A Secret Internet All to Themselves
The Pentagon and CIA's ambitious Net clone, to start Dec. 1, will undermine intelligence bureacracies and boost the quality of analysis, say proponenets
he Pentagon and the CIA are creating a top-secret Internet-clone to allow analysts, decision makers and field commanders to trade intelligence data - bypassing top-heavy bureaucracies and security risks.
The new system, dubbed Intelink, will allow "intelligence production in cyberspace... you'll put your products on the Net, and you'll have everyone looking at them, breaking down all [bureaucratic] barriers and rivalries," said a proponent.

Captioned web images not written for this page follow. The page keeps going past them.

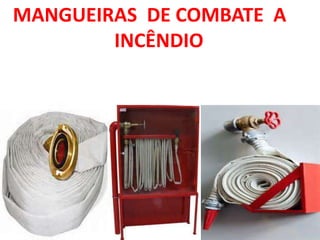 MANGUEIRAS DE COMBATE A
INCÊNDIO
 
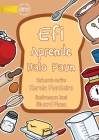 Efi Learns To Bake Bread - Efi Aprende halo Paun By Hercia Monteiro, Giward Musa (Illustrator) Cover Image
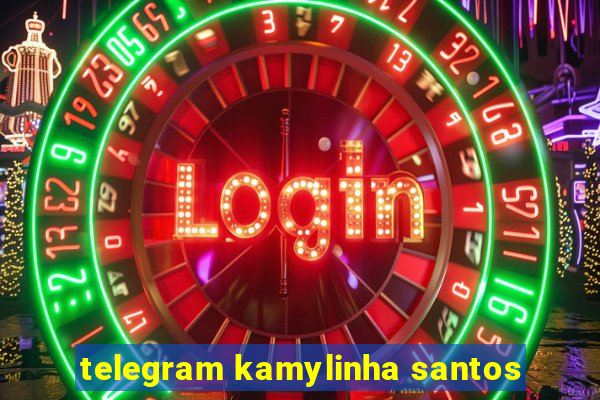 telegram kamylinha santos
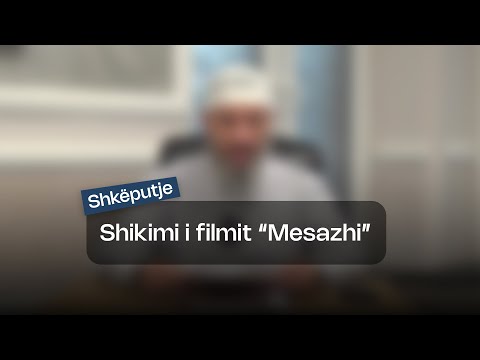 Shikimi i filmit Mesazhi | Hoxhë Xhemal Jakupi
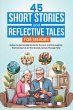 45 Short Stories and Reflective Tales... - Bild 1
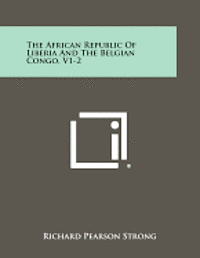 bokomslag The African Republic of Liberia and the Belgian Congo, V1-2
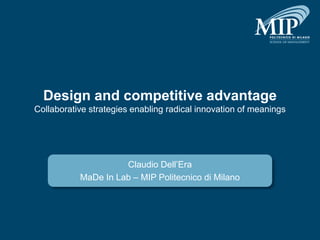 Design and competitive advantage
Collaborative strategies enabling radical innovation of meanings




                     Claudio Dell’Era
           MaDe In Lab – MIP Politecnico di Milano
 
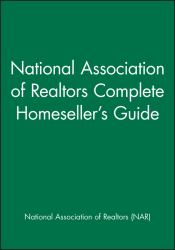 National Association of Realtors Complete Homeseller's Guide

In initial tests, the Intelink system has proved so attractive that John Deutch, the deputy secretary of defense, and James Woolsey, director of Central Intelligence and head of the CIA, have decreed it will be the model for future intelligence networks. "We have decided to declare Intelink as the strategic direction for [intelligence] community product dissemination," said a policy memo from Deutch and Woolsey, signed in mid-August.

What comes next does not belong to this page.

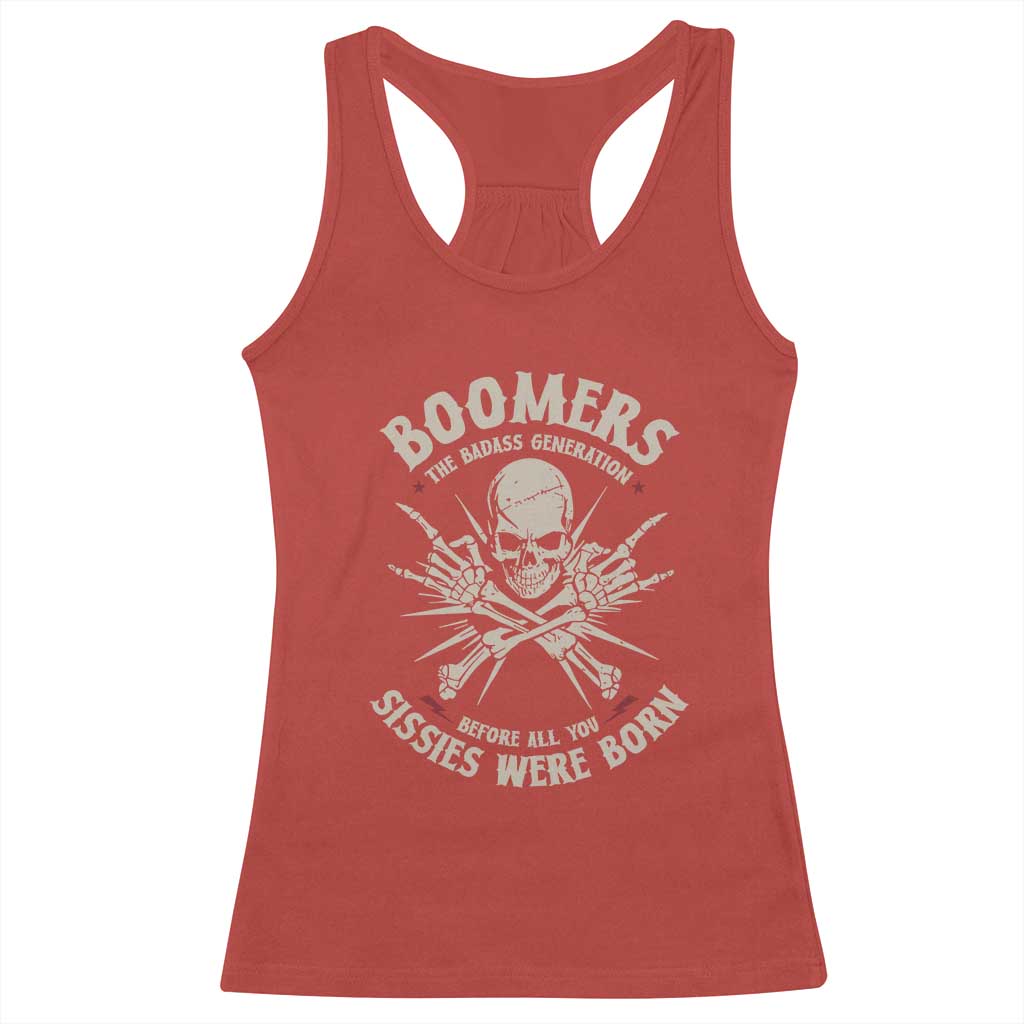 Baby Boomers Proud Racerback Tank Top The Badass Generation Before All You Sissies Were Born - Wonder Print Shop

Intelink will be fully operational Dec. 1, said a Pentagon official.
Intelink is modeled after the civilian-designed Internet - originally developed in the 1970s by the Pentagon's research agency.

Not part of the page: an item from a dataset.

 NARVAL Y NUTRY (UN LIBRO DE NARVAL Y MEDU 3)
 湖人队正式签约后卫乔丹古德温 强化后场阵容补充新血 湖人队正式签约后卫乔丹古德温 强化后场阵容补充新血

It uses Mosaic, World Wide Web, WAIS, Gopher and other Internet software to provide users with quick access to home pages of more than 34 intelligence agencies and centers. The graphics-based home pages allow users to click into additional menus of intelligence data, describing enemy weapons, political strategies or technical weaknesses.
The same software is used on the Internet to provide quick access to the home pages of research centers, shopping malls, newspapers and other information centers.
To defeat the computer hackers that infest worldwide networks such as the Internet, Intelink operates on the Pentagon's protected DISNET-3 network.
Access to the network is only given to those with a security clearance dubbed "Top Secret Special Intelligence-TK." Intelink is not connected to the Internet and relies on high-quality encryption to stymie covert eavesdroppers.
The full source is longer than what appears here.